Monday, December 19, 2011

slackware & git colors

By default in Slackware, the colors in git are not displayed correct. If you enable colors in git with a command like this:
git config color.ui true
instead of colored text you see escape characters like those below:
ESC[33mblablabalESC[m
This has to do with the fact that `less' which is used by git to display pages doesn't by default output escape sequences in "raw" form to the terminal (you need apply to use -R option). Executing something like this will fix the issue:
git config --global core.pager "less -FXRS"

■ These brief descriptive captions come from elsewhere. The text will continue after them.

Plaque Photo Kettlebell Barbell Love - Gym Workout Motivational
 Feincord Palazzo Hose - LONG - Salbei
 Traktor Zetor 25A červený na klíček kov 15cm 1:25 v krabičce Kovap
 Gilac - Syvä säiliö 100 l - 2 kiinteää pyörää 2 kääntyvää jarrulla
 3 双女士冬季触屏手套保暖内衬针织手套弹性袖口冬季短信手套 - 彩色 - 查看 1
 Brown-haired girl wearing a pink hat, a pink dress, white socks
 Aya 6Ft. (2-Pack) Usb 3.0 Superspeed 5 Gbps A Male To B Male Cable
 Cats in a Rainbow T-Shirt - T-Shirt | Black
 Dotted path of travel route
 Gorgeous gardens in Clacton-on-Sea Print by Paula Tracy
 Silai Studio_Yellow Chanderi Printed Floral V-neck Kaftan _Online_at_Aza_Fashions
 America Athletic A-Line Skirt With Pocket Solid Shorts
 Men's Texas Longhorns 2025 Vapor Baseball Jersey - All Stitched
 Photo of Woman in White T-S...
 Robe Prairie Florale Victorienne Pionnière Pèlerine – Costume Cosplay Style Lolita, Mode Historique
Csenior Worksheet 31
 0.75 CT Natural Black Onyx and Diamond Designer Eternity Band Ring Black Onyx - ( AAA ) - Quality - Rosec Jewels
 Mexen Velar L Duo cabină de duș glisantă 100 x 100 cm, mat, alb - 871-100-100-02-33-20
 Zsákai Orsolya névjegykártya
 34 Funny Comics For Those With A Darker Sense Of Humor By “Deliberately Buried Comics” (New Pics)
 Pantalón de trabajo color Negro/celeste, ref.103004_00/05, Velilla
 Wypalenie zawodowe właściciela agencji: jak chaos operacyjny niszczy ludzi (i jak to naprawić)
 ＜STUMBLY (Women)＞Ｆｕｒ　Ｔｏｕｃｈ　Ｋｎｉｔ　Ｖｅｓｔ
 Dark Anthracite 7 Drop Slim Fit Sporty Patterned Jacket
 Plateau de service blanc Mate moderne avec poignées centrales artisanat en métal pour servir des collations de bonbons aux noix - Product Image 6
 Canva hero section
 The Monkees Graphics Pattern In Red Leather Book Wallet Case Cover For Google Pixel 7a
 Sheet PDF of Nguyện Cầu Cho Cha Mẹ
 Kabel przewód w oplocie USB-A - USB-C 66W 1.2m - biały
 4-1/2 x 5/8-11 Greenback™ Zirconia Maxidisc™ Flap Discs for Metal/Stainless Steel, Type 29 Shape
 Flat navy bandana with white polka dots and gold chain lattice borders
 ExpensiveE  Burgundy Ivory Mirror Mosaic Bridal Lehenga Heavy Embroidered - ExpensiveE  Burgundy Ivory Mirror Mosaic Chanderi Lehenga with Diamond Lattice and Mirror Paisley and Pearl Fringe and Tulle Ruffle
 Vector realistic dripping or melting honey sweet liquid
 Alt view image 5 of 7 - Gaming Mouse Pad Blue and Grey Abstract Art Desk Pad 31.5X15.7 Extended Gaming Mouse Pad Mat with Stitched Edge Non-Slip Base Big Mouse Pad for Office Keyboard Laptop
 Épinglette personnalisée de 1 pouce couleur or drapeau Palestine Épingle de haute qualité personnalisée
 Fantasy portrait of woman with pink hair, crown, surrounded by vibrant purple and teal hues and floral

Wednesday, August 24, 2011

Clear All Windows 2008 R2 event logs

If you want to clear the event logs in a Windows Server system, you can fire up Event Viewer, browse to the desired log and from the Actions menu select Clear Log.... But if you want to clear all the System and Application logs at once, you'd better use the `wevtutil' command line utility Microsoft offers. A Windows PowerShell command like this will do the job:
wevtutil el | foreach { wevtutil cl $_ }

Wednesday, March 30, 2011

Download Alien Bob's multilib support packages

I've created a Perl script to download all slackware-current multilib support packages from here. Perl really makes you a lazy programmer. You can do unbelievable many things in just a few lines.
#!/usr/bin/perl -w

use LWP::UserAgent;
use strict;

sub get_links
{
my $url = shift;
my $page = LWP::UserAgent->new->get($url)->content;

map { m@/$@ && get_links($_) || system("wget -xnH $_"); }
map { "$url$_" } $page =~ m@<a href="(.+)">\1</a>@g;
}

my $url = "http://connie.slackware.com/~alien/multilib/current/";

get_links($url);

Friday, January 14, 2011

Extracting frames from a live stream

Many times, downloading and saving a stream locally is not an option. For example if the stream is a live stream. If you need to extract frames from a stream like this, you need to do it on-the-fly.

A good tool for dumping media content streamed over rtmp is rtmpdump and a good tool for extracting frames from a video is ffmpeg. Luckily for us those two can be piped together, since rtmpdump by default dumps the streamed media content to standard output and ffmpeg provides the option to read the input from a pipe.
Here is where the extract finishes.